Automatic re-calibration of quantum devices by reinforcement learning
- URL: http://arxiv.org/abs/2404.10726v1
- Date: Tue, 16 Apr 2024 16:59:50 GMT
- Title: Automatic re-calibration of quantum devices by reinforcement learning
- Authors: T. Crosta, L. Rebón, F. Vilariño, J. M. Matera, M. Bilkis,
- Abstract summary: We investigate the application of reinforcement learning techniques to develop a model-free control loop for continuous recalibration of quantum device parameters.

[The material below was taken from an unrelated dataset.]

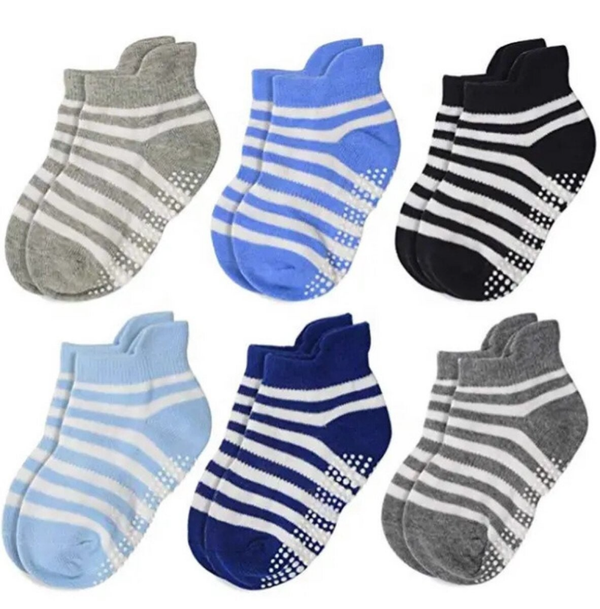 6 Paar Antislip Sokken Kind Baby - 1-3 Jaar - Strepen Wit, Lichtblauw en Grijs - Enkelsokken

As an example, the application to numerical simulations of a Kennedy receiver-based long-distance quantum communication protocol is presented.
- Score: 0.0
- License: http://creativecommons.org/licenses/by-nc-sa/4.0/
- Abstract: During their operation, due to shifts in environmental conditions, devices undergo various forms of detuning from their optimal settings. Typically, this is addressed through control loops, which monitor variables and the device performance, to maintain settings at their optimal values. Quantum devices are particularly challenging since their functionality relies on precisely tuning their parameters. At the same time, the detailed modeling of the environmental behavior is often computationally unaffordable, while a direct measure of the parameters defining the system state is costly and introduces extra noise in the mechanism. In this study, we investigate the application of reinforcement learning techniques to develop a model-free control loop for continuous recalibration of quantum device parameters. Furthermore, we explore the advantages of incorporating minimal environmental noise models. As an example, the application to numerical simulations of a Kennedy receiver-based long-distance quantum communication protocol is presented.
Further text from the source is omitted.